The parents, however, do not have enough money to pay for the medical bills. “This family cannot have the medical procedure done, although it’s critically important to the future of their child,” explained Paige Patterson, president of Southwestern Seminary. “They have to have $6,000, and they don’t have that.”

During chapel on Wednesday, March 23, Patterson called upon Southwestern students and faculty to aid the family in their difficult situation. “We don’t do [collections] regularly because we recognize your poverty,” he told the chapel congregation. “But once in a while, we do that so we can help each other out and, in this case, get this couple on down the line to getting this very delicate surgery done.”

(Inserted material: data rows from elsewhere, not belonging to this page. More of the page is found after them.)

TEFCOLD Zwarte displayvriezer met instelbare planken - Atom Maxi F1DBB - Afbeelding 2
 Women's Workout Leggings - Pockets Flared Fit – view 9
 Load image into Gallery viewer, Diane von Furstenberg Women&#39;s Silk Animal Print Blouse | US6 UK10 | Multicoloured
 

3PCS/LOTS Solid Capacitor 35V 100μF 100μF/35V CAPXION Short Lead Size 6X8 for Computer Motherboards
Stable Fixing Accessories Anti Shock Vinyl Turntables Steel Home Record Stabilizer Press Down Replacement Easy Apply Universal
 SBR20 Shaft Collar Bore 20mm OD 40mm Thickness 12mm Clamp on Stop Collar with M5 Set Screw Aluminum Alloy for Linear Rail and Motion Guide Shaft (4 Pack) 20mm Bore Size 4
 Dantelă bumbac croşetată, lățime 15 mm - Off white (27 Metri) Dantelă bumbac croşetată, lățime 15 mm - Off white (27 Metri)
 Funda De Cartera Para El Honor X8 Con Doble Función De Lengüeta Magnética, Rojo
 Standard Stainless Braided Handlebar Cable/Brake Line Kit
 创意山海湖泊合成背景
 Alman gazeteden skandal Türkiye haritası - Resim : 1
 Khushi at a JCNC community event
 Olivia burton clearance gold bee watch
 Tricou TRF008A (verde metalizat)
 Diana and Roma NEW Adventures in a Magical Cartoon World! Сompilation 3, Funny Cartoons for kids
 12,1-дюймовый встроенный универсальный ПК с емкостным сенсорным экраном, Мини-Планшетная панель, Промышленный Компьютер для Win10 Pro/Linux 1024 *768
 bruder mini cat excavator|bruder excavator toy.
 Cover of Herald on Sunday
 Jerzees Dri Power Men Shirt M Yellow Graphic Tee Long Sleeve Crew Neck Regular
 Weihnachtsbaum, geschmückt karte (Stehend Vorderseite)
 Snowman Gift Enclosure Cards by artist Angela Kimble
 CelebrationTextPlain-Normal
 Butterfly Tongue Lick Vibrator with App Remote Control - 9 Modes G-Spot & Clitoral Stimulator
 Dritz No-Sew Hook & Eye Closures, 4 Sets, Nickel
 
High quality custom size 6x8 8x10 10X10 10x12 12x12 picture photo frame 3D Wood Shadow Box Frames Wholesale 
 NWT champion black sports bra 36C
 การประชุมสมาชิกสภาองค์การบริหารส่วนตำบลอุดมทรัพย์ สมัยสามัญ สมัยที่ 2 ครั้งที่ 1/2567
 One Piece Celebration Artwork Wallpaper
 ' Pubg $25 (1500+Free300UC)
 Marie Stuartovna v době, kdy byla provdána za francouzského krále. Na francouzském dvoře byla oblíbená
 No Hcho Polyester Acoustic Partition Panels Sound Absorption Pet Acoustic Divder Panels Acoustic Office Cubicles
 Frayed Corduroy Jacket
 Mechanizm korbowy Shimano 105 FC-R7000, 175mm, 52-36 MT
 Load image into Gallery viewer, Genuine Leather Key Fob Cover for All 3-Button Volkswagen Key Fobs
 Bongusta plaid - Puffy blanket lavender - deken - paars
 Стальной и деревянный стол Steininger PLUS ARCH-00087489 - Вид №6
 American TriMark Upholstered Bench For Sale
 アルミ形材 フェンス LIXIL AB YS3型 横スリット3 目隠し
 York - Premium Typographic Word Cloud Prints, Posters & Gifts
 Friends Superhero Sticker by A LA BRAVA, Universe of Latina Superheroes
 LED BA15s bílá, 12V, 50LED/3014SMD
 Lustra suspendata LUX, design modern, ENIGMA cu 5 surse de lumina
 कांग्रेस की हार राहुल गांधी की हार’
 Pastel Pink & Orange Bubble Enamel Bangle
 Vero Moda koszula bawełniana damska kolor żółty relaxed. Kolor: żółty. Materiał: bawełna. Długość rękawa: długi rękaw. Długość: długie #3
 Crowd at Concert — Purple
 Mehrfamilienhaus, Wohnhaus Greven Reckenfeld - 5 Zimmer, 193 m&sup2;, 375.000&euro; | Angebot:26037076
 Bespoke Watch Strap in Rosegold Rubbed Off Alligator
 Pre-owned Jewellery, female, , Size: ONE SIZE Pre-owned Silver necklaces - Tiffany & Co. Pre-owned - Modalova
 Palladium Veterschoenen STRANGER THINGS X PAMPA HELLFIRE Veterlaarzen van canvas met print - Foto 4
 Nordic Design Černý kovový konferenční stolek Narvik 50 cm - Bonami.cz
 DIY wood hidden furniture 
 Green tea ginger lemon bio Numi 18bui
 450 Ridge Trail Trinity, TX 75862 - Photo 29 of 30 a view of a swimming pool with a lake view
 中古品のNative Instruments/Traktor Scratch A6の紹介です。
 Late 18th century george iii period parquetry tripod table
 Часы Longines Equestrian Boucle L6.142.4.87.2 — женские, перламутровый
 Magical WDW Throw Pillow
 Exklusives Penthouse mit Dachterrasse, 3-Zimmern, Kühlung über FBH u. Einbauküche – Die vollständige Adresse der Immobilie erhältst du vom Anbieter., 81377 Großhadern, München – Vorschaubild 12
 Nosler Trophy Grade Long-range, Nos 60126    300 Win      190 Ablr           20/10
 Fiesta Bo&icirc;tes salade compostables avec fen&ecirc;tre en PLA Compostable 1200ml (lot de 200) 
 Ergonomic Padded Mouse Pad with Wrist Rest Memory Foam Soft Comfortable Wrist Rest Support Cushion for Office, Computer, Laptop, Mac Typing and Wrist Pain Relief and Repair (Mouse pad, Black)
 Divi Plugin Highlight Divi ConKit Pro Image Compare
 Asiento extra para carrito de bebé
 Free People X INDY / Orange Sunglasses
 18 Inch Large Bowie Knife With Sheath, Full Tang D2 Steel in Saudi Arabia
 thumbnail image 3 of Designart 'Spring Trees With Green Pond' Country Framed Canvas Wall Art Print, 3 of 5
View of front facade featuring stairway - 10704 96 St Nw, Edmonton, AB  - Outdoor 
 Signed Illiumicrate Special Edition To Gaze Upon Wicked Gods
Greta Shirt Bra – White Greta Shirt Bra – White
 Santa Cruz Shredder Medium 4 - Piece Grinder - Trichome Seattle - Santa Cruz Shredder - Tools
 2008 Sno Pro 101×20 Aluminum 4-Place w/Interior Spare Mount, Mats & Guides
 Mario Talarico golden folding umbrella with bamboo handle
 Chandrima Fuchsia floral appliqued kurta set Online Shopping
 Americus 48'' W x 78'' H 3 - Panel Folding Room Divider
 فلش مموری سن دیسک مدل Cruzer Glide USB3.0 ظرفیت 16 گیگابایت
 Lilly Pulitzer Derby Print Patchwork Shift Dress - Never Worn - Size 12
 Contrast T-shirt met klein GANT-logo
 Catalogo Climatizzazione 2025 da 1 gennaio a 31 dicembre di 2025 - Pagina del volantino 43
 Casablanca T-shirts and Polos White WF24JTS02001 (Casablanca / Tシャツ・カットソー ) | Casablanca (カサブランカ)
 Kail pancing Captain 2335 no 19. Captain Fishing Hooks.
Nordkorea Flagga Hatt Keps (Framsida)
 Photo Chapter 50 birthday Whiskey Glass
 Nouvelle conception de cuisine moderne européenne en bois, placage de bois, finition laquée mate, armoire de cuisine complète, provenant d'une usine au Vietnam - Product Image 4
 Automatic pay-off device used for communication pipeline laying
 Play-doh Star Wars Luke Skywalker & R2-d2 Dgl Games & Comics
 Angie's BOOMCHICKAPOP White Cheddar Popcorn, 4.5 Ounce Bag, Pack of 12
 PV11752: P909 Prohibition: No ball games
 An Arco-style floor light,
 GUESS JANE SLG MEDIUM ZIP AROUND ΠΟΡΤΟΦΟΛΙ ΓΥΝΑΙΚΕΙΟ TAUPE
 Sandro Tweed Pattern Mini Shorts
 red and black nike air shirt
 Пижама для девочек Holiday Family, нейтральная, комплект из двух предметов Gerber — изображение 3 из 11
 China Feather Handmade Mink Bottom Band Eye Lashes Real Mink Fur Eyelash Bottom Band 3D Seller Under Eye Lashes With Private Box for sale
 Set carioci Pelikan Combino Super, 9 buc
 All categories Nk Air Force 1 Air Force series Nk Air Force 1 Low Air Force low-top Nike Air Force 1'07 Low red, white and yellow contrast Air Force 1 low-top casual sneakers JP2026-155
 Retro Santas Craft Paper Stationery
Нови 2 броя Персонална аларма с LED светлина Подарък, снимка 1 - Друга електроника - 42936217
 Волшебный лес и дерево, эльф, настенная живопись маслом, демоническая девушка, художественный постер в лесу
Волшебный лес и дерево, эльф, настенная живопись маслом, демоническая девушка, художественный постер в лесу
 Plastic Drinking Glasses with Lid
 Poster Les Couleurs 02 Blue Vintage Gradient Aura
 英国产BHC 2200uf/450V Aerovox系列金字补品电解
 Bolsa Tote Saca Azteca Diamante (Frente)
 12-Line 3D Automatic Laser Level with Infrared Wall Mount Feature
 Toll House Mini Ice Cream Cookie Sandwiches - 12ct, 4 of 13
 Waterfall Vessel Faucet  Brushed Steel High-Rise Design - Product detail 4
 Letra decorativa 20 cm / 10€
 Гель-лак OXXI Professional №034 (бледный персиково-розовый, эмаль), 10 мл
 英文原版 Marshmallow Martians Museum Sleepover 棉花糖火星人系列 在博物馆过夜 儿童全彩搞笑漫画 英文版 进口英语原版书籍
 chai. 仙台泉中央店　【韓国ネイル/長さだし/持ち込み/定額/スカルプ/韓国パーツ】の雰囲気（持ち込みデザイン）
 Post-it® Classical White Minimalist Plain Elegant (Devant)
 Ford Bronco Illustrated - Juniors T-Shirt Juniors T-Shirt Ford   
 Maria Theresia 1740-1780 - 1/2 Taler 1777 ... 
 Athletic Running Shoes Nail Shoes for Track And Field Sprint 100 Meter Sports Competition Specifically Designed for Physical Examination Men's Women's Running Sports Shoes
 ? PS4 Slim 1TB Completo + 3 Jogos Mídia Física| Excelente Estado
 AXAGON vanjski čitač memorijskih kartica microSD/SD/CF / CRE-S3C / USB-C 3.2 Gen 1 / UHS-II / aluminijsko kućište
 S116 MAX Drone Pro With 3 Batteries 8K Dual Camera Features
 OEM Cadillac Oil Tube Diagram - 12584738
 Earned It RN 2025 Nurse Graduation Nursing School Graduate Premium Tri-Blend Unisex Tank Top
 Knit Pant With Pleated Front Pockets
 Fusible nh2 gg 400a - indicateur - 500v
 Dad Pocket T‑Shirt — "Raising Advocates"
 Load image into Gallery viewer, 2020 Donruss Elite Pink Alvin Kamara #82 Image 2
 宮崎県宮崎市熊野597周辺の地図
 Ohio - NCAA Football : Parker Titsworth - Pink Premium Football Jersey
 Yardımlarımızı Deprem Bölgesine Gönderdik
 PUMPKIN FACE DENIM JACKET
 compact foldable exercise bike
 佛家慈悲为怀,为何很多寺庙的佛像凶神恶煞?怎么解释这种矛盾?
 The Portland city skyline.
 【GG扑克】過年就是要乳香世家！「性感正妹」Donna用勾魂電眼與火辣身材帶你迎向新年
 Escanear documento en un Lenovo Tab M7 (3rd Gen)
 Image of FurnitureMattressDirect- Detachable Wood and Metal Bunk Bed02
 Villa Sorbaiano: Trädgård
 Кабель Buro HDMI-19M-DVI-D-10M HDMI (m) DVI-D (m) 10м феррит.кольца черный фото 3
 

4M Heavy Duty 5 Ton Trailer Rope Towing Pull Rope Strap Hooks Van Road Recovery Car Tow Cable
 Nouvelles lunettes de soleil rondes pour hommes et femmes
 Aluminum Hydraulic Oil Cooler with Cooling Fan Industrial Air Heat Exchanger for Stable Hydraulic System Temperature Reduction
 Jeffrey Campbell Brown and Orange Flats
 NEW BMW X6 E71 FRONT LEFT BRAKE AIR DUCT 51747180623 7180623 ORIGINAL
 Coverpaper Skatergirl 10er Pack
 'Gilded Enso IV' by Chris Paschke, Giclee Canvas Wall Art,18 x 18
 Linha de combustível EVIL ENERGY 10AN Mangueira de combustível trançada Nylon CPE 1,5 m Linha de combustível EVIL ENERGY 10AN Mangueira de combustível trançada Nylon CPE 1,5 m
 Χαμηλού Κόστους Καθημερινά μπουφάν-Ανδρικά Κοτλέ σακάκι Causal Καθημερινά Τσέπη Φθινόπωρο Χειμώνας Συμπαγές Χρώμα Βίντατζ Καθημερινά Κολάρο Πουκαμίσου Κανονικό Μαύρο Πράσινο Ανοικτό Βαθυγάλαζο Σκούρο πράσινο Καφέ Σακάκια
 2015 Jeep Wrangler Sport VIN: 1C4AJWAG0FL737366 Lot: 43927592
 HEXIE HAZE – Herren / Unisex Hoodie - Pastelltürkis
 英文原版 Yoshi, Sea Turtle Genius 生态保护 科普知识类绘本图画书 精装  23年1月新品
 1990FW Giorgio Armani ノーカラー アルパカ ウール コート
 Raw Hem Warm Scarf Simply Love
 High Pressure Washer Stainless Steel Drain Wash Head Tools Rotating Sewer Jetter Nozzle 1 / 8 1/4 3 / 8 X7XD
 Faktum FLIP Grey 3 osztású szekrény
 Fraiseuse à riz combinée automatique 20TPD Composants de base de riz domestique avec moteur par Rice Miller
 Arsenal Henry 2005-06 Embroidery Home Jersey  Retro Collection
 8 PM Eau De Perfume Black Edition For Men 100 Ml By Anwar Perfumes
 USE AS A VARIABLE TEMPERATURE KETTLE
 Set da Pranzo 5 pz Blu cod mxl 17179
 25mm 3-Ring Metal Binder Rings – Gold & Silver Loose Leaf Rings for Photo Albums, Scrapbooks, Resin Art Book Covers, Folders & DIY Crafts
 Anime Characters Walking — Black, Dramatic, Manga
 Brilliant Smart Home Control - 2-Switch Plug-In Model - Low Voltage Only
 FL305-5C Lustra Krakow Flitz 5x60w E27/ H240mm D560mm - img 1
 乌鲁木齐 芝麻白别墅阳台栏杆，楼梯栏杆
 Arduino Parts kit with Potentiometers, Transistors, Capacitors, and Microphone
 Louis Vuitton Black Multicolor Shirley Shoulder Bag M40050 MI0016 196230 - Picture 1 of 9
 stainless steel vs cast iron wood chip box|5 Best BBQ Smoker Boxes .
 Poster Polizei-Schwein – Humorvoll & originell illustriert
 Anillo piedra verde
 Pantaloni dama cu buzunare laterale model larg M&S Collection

The president proposed taking up a “boot offering.” Several men responded by taking off their cowboy boots and passing them down the aisles in lieu of collection plates. Although the offering was impromptu and the congregation was unprepared, students and faculty gave generously to support the couple and the child. A total of $3,162.08 were collected, and afterward, a donor came forward and pledged to match that amount.

When the collection was poured out before the pulpit, Patterson kneeled in supplication to the Lord, asking for His hand of blessing on the little boy and his parents. “Some here gave their lunch money,” he continued, “others have given sacrificially. You promised that you love such as these, and I pray that you would make that love known to each of these who have given this morning. … I pray for every student who gave this morning to this little boy, that you would return in abundance that which they have given this day.”